Development Project: PowerShIM – run PowerShell on remote servers using Skype for Business Instant Messaging
This is a little project I did just to see if it possible (and thanks to Skype for Business MVP Tom Arbuthnot for the idea!). Can I use Skype for Business to enable administrators to execute PowerShell remotely simply by sending Instant Messages, and get response data back.
Is this useful? Well, it could be – you could run this on all FE Servers and have a quick way to interrogate them or run PowerShell commands. And of course, the administrator could be on another network or on the other side of the world – this will work with federation and won’t require complicated holes in firewalls for remote access.

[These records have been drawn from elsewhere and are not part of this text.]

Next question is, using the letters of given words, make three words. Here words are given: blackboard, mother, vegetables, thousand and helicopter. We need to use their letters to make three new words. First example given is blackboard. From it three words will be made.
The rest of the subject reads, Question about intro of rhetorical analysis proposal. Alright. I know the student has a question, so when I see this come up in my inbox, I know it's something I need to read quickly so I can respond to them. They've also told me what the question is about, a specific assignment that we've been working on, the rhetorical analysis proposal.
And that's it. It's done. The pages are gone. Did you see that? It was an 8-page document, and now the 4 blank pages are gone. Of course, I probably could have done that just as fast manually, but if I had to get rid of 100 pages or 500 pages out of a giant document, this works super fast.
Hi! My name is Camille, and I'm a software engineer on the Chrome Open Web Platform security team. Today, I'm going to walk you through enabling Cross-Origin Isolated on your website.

I’m releasing it for free to the community – it’s pretty basic and there are probably some bugs .. but if you’d like to try it out, feel free. I’m also open-sourcing the code on GitHub so you can take it and improve it.
A UCMA application which exposes a Skype for Business endpoint and listens for incoming instant messages. When it receives a message, it validates that the sender is on the approved whitelist of senders (my minimal security checking to opening up a root PowerShell instance to the world!) and then executes the command in a PowerShell run-space. Any output is fed back to the user as another instant message.
TL;DR – Show Me
OK, so installation is a little bit .. involved 🙂 You can only run this on a Trusted Application Server or Front End server – essentially anywhere you can run UCMA applications. Firstly, download the zipped program files and extract to a location of your choice.

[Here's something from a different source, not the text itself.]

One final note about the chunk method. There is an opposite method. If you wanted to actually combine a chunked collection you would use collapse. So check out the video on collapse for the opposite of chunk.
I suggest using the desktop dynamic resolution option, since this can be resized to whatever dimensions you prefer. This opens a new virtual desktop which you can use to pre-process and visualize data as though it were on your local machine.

Then, open the Skype for Business Management Shell on that server. Create the Trusted Application entry:
New-CsTrustedApplication -ApplicationId impowershell -Port 6000 -TrustedApplicationPoolFqdn yourPoolFQDN.domain.com
Make sure you use a port number that’s not in use, and substitute the TrustedApplicationPoolFqdn with the actual Trusted Application Pool FQDN. (If you’re not sure about the port number, run get-cstrustedapplication to get a list of existing applications and their port numbers.)
Now, create the endpoint which you will interact with:
New-CsTrustedApplicationEndpoint -TrustedApplicationPoolFqdn yourPoolFQDN.domain.com -ApplicationId impowershell -SipAddress “sip:[email protected]” -DisplayName “PowerShIM App 1”

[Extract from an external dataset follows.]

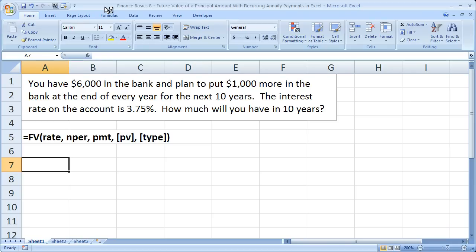In this Finance Basics 8 tutorial from Teach Excel, I'm going to show you how to find the future value of an amount of money that includes a principal plus annuity payments over the years.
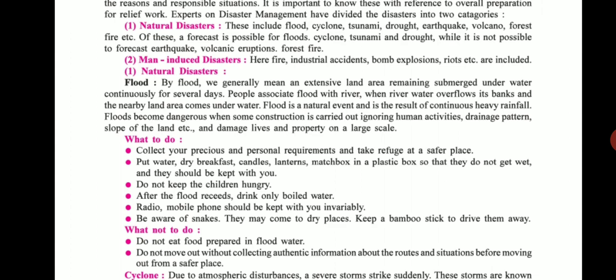Third, do not keep the children hungry — keep giving them something to eat. Fourth, after the flood recedes, drink only boiled water. Fifth, keep a radio and mobile phone with you invariably — the radio will give you flood-related information and the mobile phone will keep you up to date. Sixth, be aware of snakes as they may come to dry places; keep a bamboo stick to drive them away.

Again, replace the TrustedApplicationPoolFqdn value. You can also specify your own values for the SIP address and display name to enable you to identify which server you’ll be talking to.
Lync 2013 Users…
If you’re still using Lync 2013 or want to install this on a Lync 2013 application server, you will need to perform an additional step. The code has been compiled against the latest UCMA SDK, which isn’t recognised by Lync 2013. However, a quick tweak to the config file can be used to force the code to use UCMA 4 again. Navigate to the code folder and use Notepad to open IMPowershell.exe.config. Immediately after the closing </startup> tag, add this section:
<runtime> <assemblyBinding xmlns="urn:schemas-microsoft-com:asm.v1"> <dependentAssembly> <assemblyIdentity name="Microsoft.Rtc.Collaboration" publicKeyToken="31bf3856ad364e35" culture="neutral" /> <bindingRedirect oldVersion="0.0.0.0-188.8.131.52" newVersion="184.108.40.206" /> </dependentAssembly> </assemblyBinding> </runtime>
I’ve added a check when accepting incoming messages, so that only white-listed SIP addresses will be processed. That white-list is maintained in the file authorisedusers.txt in the code folder, so go there now and add your SIP address, otherwise you’ll be ignored.
When you’re ready, run IMPowershell.exe as an Administrator. A console window should open, and you should see Lync Server Ready. That means everything is set up OK. If not, check the code folder – there will be a log.txt file, errors and other info are logged there.
Trying It Out
Find the SIP address you specified earlier and open a new conversation window. Send a PowerShell command as an instant message. If everything has gone well, you’ll see the output:
Good to Know #1
You can only send one line – what you send when you press Enter is what gets executed. However, that doesn’t stop you piping commands, as in this example to find out when the machine was last restarted, and by whom:
Good To Know #2
Because lots of the commands might be to do with Skype for Business, I always automatically import the Lync module prior to running commands. So you can do this:
Run as a Service
The code is structured so that you can also run it as a Windows Service. To do this you need to add it using SC CREATE and point the binPath to the same .exe file you ran above. The only gotcha is that when you do this the code runs in a different folder, so it can’t find the authorised users text file. To fix this, edit the IMPowershell.exe.config file – you’ll notice there’s a setting for the file location. You can change this to be the actual path to the file, not just the relative location. This will fix the service.
Get the Code, Fix the Bugs
This is very much a “try it and see” development project. I’d be interested to hear about things not working, or bugs – but please don’t expect much response from me. If you’re a developer, you’d be much better off grabbing the code yourself and fixing it or changing it to work for you.